:: DIRECTIONS FOR THIS TASK ::
Give back, unaltered, the lines from the one with "Vintage 1960’s MCM" to the end of the material, omitting pictures.

___ DATA FOR ANALYSIS ___

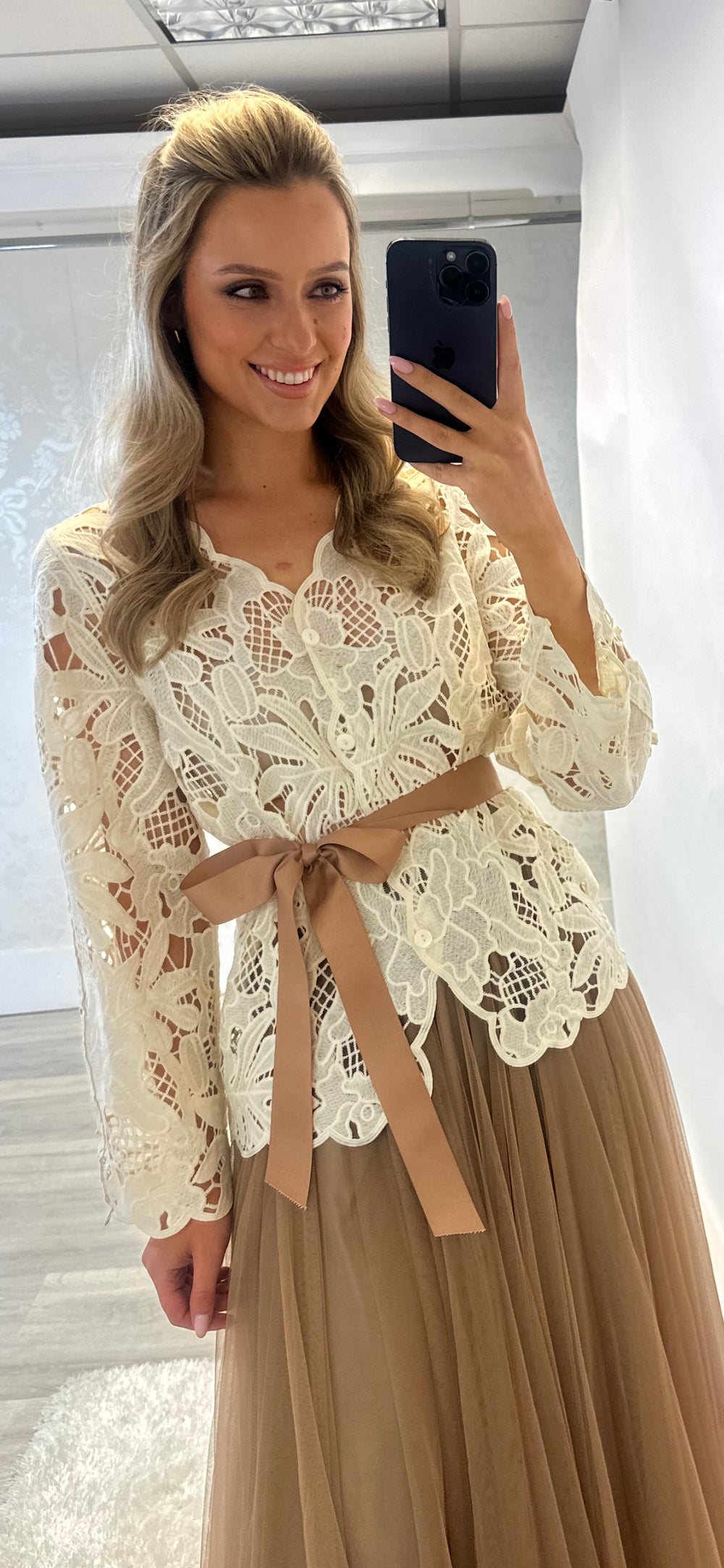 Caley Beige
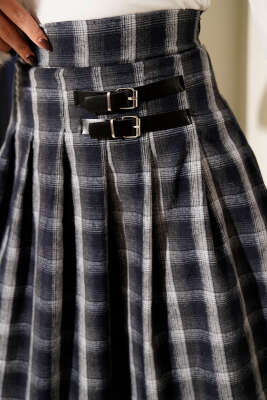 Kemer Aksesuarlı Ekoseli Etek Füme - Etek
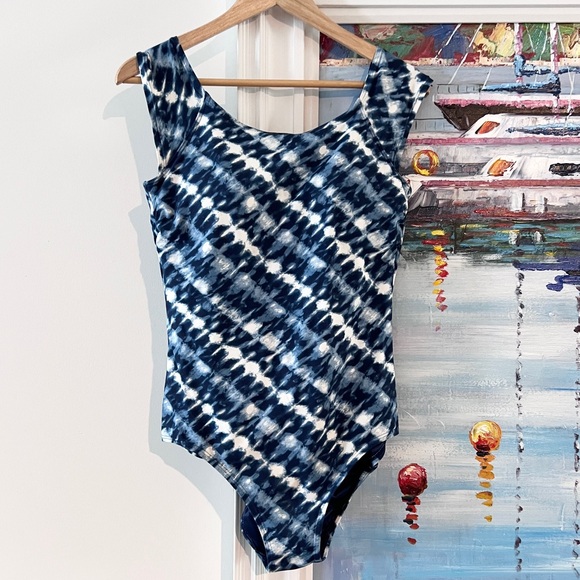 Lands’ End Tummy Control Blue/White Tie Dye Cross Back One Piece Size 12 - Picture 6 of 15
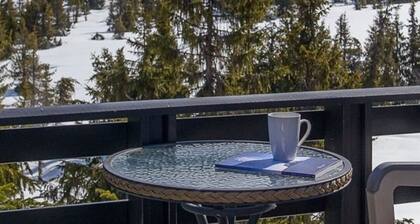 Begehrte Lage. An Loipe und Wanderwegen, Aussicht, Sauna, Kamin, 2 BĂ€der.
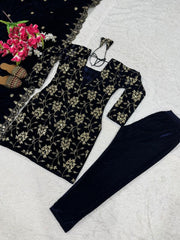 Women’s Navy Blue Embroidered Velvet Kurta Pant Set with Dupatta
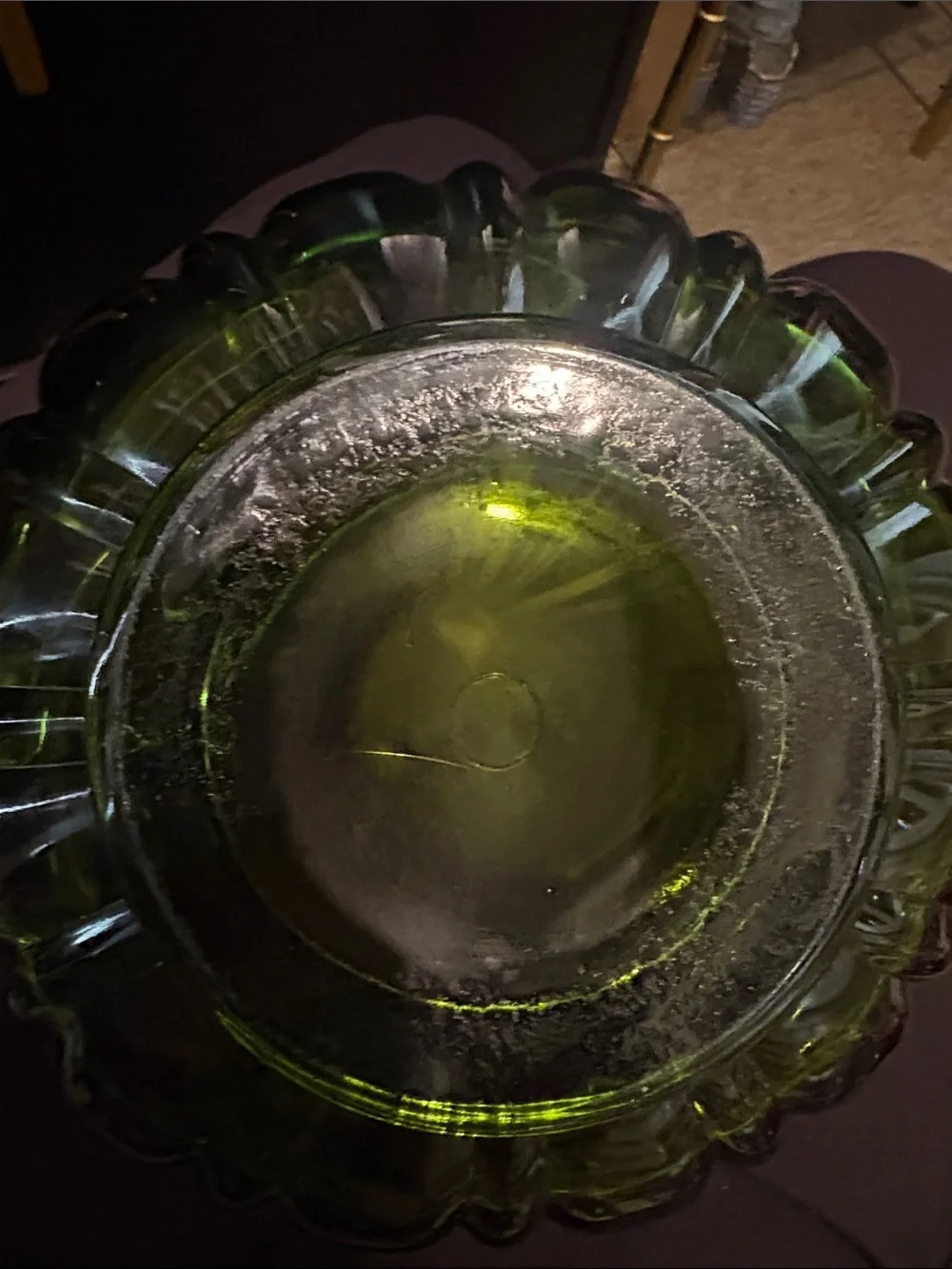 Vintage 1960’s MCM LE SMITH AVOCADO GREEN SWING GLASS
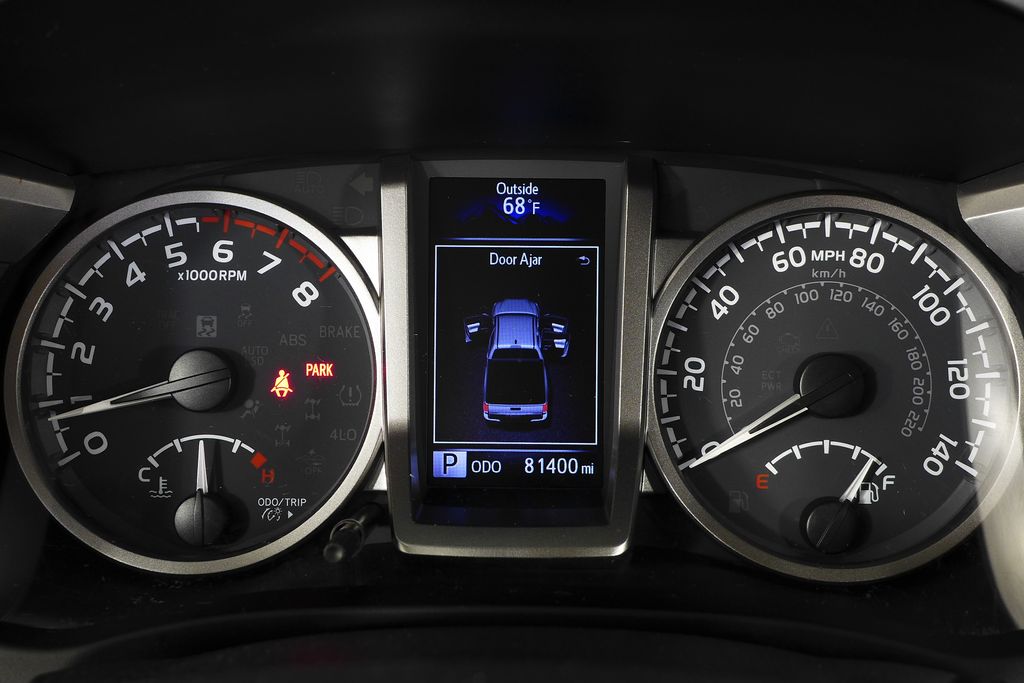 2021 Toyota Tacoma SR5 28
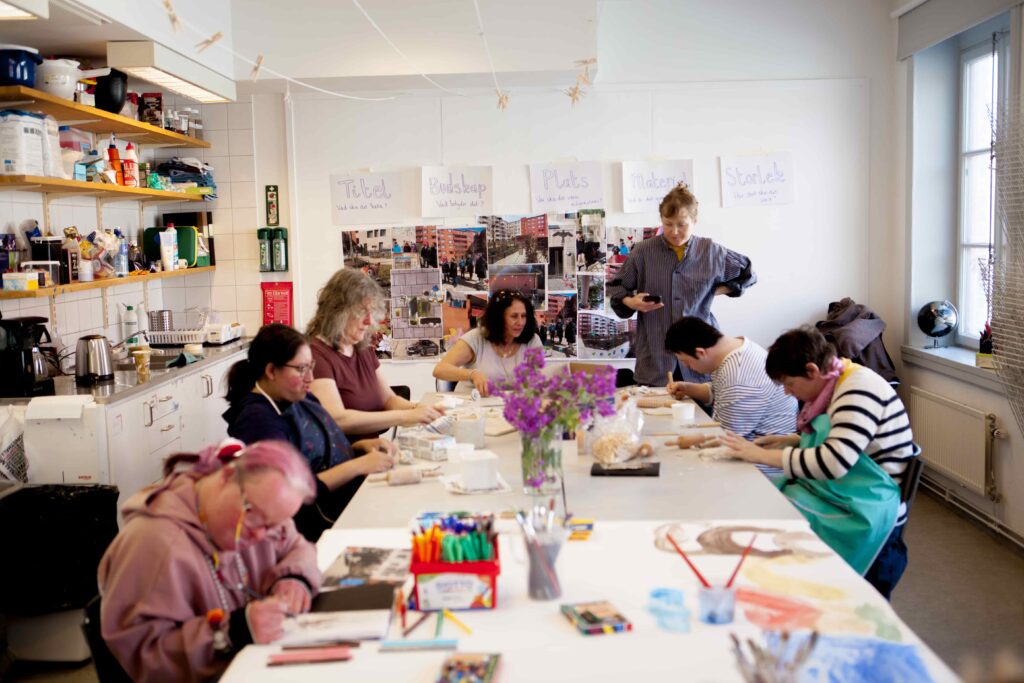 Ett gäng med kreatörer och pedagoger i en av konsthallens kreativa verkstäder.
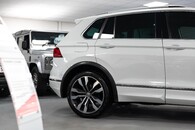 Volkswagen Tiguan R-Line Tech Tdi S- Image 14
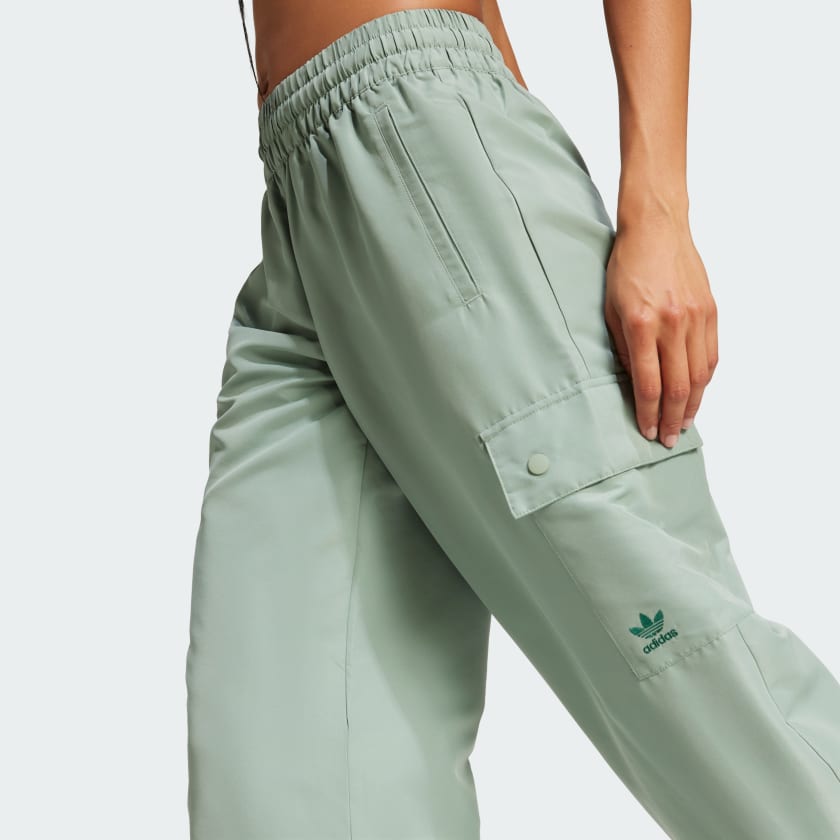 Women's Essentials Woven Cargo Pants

___

:: PROBLEM SOLUTION ::
 Vintage 1960’s MCM LE SMITH AVOCADO GREEN SWING GLASS
 2021 Toyota Tacoma SR5 28
 Ett gäng med kreatörer och pedagoger i en av konsthallens kreativa verkstäder.
 Volkswagen Tiguan R-Line Tech Tdi S- Image 14
 Women's Essentials Woven Cargo Pants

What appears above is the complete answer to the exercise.